Stored data Start Marker

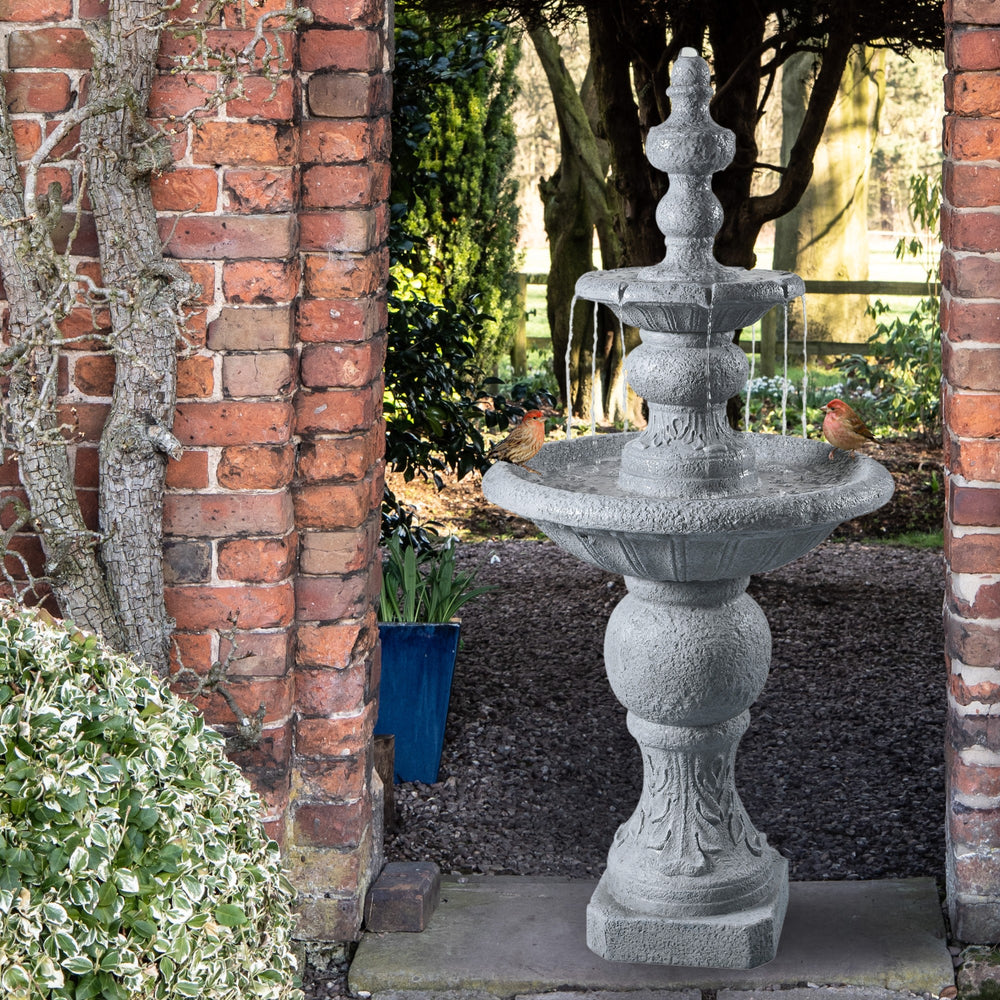 A two-tier faux gray stone birdbath water fountain in a garden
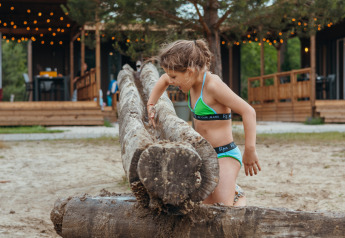Fille en bikini vert grimpant sur des troncs à Tiny Wander Lodge au Holiday Park Sallandshoeve, Pays-Bas.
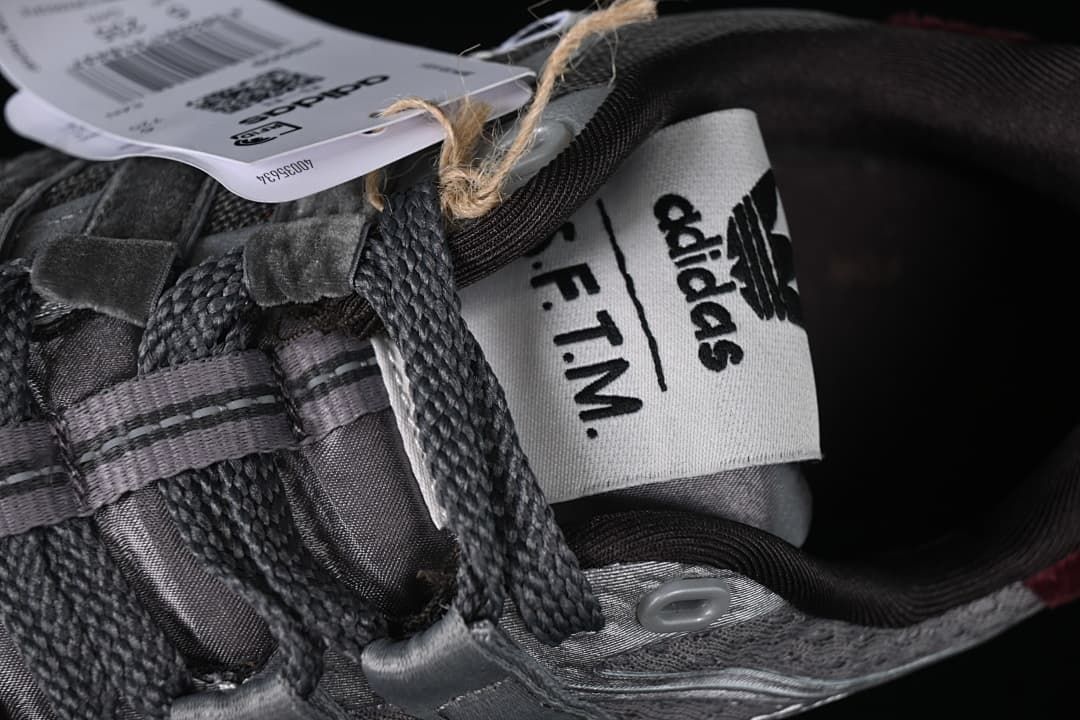 Close-up of the shoe tongue with adidas and S.F.T.M. branding.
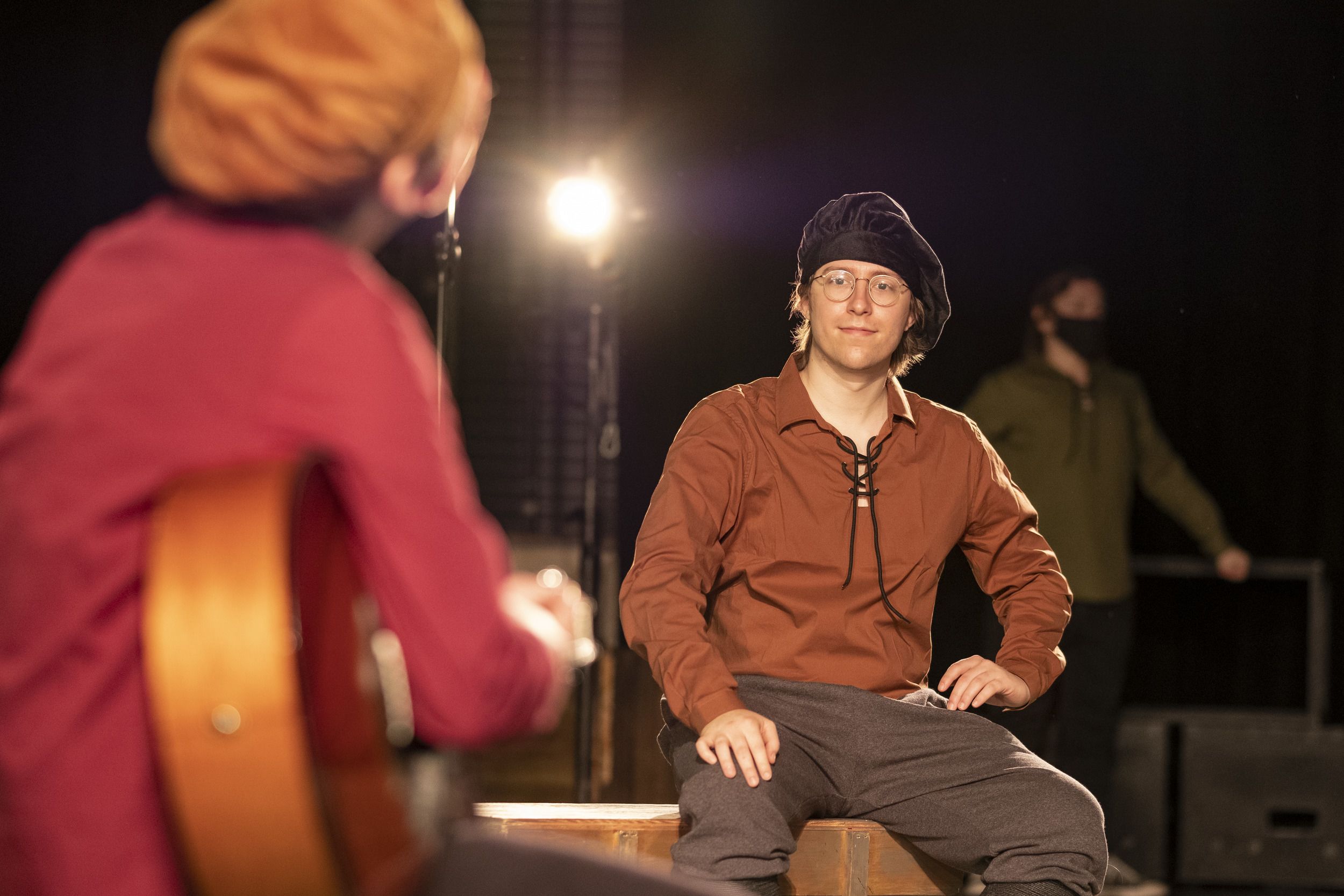 An actor in a brown shirt and black beret smiles for the camera.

Stored data End Marker

**Activity:** Except for the pictures, print the data above exactly.

**Solution to the problem:**
 A two-tier faux gray stone birdbath water fountain in a garden
Fille en bikini vert grimpant sur des troncs à Tiny Wander Lodge au Holiday Park Sallandshoeve, Pays-Bas.
 Close-up of the shoe tongue with adidas and S.F.T.M. branding.
 An actor in a brown shirt and black beret smiles for the camera.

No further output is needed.